Reconcilation and stability

Dragan Aleksic of Serbia’s Tanjug news service asked some questions. I replied:

Q: We would like to have your comment on Serbian Prime Minister Vucic’s initiative to declare a Remembrance Day for all of the victims in the 1990s war in former Yugoslavia. This initiative has not been well received neither in Kosovo (it was criticized by Prime Minister Thaci) nor in Croatia. The argument is more or less that Serbia is guilty for the war so this initiative is not welcome.What is your view of the initiative to establish a common Day of Remembrance for all of the victims of the 1990s wars in former Yugoslavia?

A: I think it is up to the people of former Yugoslavia, especially the victims, to react to the proposal, not a foreigner like me.

Q: Does the attitude toward Serbia as the culprit justify the rejection of a legitimate initiative aimed at reconciliation?

A: A proposal of this sort works best if it is the result of reconciliation rather than having reconciliation as its objective. Would Serbs have reacted well had the proposal come from Hashim Thaci or Bakir Izetbegovic?

I am reminded of the Recom initiative, which seeks first to establish the facts of what happened in a way that engages everyone concerned. It too has had difficulty being accepted at the governmental level, but it seems to me correct to start with a broad fact-finding strategy, like the one used by the Scholarly Initiative (an effort to get agreement among academics on what happened in the 1990s in the Balkans and why). I recommend all concerned read its Confronting the Yugoslav Controversies, which goes a long way toward developing a common narrative.

Q: Does this mean that Serbia does not have the right to launch positive initiatives?

A: Serbia has every right to launch positive initiatives, but other people have the right to react the way they want. It is not only in the Balkans that prior consultation and mutual understanding is important to the success of an initiative.

Q: How do you see the relations in the region, especially when it comes to stability?

A: None of the states in the region have either the desire or the means to create the kind of instability that dominated the 1990s. All but Serbia are either already NATO members or want to become NATO members. The requirement that they first establish democratic institutions is an important barrier to any further conflict among them.

But there are still unresolved issues, especially about the state structures in Bosnia and Herzegovina as well as about mutual recognition and exchange of ambassadors between Serbia and Kosovo. My email tells me Serbs think I am crazy to talk about that: they say it will never happen. I say it has to happen before Serbia can enter the European Union.
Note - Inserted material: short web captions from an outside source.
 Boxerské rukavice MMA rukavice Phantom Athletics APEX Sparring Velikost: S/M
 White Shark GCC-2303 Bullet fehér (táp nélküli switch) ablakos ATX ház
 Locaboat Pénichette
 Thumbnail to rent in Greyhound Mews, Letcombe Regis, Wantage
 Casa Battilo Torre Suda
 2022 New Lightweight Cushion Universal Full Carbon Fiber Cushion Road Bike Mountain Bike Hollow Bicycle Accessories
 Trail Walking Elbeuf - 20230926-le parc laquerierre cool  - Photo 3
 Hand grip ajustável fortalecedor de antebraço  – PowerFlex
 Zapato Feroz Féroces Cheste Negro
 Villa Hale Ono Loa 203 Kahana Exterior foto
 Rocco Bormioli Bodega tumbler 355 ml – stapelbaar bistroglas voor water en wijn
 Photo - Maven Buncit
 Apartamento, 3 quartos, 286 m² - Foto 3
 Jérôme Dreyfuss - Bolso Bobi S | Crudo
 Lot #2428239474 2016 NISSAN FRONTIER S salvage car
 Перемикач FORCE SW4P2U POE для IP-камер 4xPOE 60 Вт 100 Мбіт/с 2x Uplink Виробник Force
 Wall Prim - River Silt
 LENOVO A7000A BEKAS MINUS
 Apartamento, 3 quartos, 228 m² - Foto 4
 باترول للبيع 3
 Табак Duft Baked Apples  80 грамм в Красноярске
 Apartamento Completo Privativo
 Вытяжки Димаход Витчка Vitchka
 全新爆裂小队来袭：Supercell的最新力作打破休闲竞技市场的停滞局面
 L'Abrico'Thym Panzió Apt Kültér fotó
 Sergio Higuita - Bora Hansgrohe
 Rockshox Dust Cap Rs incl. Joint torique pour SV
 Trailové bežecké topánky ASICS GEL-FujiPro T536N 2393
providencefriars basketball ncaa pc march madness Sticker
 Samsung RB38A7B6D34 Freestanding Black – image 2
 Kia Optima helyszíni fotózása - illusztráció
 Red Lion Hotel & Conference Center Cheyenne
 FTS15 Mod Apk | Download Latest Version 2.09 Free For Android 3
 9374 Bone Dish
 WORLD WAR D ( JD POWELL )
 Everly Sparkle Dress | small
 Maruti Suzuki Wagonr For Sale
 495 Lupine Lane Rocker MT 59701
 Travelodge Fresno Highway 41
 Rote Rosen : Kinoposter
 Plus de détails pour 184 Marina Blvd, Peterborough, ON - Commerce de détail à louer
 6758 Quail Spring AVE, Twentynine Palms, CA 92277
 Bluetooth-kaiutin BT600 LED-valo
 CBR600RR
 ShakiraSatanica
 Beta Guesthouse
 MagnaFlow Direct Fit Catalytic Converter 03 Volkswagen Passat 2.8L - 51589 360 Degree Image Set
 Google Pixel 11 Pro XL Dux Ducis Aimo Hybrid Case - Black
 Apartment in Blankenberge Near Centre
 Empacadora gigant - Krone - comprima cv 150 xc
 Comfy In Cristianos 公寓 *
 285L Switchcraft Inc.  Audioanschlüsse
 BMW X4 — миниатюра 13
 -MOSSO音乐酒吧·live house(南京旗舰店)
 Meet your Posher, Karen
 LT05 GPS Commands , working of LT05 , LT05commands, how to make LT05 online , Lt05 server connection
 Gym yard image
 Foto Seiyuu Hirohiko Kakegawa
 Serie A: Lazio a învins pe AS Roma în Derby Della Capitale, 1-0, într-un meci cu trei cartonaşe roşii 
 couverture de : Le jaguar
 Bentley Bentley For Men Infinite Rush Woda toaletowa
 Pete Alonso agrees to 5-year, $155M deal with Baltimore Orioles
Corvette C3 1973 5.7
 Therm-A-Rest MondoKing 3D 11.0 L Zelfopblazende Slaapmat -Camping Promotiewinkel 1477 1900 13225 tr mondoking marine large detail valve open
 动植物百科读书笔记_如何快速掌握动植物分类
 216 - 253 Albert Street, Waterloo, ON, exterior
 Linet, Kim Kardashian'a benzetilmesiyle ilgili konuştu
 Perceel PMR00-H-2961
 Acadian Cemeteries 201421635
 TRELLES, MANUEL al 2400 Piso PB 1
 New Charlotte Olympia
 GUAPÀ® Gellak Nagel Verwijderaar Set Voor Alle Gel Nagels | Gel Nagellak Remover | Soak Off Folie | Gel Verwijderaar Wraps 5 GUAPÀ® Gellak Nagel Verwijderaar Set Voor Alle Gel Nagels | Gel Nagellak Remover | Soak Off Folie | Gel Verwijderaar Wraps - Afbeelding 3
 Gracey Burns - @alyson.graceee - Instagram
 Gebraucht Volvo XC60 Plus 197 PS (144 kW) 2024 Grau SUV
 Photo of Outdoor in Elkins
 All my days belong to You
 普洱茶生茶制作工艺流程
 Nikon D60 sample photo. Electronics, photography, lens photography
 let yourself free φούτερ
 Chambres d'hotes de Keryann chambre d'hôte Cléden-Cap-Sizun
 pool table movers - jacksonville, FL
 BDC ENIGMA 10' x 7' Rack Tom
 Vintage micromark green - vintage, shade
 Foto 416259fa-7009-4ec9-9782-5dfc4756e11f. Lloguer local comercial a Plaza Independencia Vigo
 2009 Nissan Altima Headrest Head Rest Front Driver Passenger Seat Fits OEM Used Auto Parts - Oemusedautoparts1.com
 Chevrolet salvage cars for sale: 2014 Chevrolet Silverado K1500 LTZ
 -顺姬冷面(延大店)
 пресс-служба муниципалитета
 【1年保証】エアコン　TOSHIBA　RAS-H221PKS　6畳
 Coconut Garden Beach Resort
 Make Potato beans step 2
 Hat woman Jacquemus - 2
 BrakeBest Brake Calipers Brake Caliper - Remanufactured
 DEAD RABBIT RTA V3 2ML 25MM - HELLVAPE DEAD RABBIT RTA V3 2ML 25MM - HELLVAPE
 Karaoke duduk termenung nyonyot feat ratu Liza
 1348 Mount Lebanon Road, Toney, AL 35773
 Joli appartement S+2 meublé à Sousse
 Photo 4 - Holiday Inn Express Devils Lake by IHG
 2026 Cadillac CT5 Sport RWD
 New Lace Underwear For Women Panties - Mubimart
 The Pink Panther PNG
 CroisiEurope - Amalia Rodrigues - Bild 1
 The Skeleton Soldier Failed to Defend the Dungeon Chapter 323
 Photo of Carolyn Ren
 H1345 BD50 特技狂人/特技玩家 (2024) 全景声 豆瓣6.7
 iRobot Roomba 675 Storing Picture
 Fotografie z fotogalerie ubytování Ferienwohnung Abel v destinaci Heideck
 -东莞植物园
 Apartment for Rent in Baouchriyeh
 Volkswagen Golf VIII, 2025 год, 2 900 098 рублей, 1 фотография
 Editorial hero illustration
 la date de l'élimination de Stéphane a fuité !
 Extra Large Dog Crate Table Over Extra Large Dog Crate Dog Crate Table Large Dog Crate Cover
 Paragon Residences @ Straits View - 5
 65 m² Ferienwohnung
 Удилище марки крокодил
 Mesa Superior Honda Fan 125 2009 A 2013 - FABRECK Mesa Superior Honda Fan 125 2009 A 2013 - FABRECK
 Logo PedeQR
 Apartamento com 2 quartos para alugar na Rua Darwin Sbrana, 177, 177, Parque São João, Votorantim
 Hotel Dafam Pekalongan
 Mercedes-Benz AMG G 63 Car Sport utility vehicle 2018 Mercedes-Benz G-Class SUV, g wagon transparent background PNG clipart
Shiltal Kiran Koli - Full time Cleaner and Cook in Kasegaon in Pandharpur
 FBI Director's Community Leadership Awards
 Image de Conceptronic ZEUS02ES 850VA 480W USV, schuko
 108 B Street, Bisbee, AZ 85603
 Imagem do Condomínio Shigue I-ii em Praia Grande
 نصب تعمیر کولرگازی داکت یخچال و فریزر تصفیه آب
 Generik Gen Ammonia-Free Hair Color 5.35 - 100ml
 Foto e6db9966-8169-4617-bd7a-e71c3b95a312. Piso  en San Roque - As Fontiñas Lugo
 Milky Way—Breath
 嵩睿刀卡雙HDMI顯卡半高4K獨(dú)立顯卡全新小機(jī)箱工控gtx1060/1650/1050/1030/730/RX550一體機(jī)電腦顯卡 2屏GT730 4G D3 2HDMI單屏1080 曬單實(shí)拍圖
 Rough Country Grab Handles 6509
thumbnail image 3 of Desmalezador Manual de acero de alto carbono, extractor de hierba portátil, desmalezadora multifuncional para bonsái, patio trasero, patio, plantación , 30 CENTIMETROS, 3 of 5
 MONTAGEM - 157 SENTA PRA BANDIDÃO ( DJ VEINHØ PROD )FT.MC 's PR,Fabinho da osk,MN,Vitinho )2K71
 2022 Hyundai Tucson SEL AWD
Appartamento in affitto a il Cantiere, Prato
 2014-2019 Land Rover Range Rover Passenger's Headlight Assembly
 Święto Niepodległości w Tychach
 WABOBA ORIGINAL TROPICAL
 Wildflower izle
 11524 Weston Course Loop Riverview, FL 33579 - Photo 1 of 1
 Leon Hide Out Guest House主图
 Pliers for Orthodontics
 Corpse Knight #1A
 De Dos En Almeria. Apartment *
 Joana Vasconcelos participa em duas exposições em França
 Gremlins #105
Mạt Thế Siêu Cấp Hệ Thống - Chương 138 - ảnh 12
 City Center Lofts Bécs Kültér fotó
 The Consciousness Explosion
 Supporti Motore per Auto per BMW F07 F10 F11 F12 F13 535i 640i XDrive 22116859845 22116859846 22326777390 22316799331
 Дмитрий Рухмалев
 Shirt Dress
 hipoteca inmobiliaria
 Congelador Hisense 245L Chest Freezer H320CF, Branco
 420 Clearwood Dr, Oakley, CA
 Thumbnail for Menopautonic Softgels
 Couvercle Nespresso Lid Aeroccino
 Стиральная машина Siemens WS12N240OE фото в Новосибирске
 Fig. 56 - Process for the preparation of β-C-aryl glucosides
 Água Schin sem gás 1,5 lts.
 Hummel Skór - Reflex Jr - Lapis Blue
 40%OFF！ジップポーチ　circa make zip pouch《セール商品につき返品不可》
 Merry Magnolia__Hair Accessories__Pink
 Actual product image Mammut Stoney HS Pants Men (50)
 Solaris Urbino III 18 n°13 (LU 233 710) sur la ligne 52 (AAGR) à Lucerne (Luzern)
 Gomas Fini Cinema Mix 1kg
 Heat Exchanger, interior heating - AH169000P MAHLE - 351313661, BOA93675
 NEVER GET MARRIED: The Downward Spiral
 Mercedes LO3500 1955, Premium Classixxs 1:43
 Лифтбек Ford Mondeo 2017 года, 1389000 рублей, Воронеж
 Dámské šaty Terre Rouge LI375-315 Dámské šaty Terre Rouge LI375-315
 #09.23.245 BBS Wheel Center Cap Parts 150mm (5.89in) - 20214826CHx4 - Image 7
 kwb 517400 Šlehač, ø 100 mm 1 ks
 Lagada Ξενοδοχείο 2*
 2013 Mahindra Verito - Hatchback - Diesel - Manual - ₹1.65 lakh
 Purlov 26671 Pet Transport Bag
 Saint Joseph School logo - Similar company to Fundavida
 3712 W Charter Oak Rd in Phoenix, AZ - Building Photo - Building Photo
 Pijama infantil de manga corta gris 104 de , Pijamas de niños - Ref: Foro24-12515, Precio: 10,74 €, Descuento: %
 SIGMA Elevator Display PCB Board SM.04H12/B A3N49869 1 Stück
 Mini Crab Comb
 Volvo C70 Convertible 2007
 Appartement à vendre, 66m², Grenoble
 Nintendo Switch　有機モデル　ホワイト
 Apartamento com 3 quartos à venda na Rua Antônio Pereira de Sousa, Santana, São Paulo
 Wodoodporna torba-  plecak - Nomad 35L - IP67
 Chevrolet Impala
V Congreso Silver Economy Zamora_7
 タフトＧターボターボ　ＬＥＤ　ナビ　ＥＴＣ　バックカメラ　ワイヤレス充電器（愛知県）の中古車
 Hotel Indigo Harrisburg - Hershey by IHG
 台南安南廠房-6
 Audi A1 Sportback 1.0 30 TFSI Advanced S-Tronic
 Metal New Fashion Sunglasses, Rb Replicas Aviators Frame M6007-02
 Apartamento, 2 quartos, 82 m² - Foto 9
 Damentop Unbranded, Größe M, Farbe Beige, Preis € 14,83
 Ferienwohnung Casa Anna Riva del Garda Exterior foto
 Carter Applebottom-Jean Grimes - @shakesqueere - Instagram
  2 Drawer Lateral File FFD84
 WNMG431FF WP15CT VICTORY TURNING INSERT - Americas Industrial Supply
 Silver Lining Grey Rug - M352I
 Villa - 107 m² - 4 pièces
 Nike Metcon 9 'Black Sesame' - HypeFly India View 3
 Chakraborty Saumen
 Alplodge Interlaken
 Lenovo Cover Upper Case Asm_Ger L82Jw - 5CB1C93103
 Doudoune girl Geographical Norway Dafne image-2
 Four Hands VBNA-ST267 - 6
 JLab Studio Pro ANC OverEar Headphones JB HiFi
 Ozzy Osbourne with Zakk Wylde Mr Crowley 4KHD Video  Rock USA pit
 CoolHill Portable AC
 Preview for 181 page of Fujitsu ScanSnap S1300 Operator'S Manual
Belgrade has already accepted the constitutional authority of the Pristina government on the whole territory of Kosovo, as well as the idea that Kosovo will qualify for and enter the EU separately, which implies that Kosovo will be a sovereign state. It is not such a big step to UN membership, which makes bilateral recognition almost irrelevant, and even exchange of ambassadors.

Anyone concerned about stability in the Balkans should be thinking hard about undermining radicalization among the region’s Muslims by quickly resolving these issues in Bosnia and Kosovo. They should also want Greece to lift its veto on Macedonia’s NATO membership and EU prospects.

PS: Let me add something I forgot to say to Tanjug. Reconciliation begins with acknowledgement of harm done, by those whose leadership did it. This starts a mutual process. We aren’t quite there in the Balkans, yet.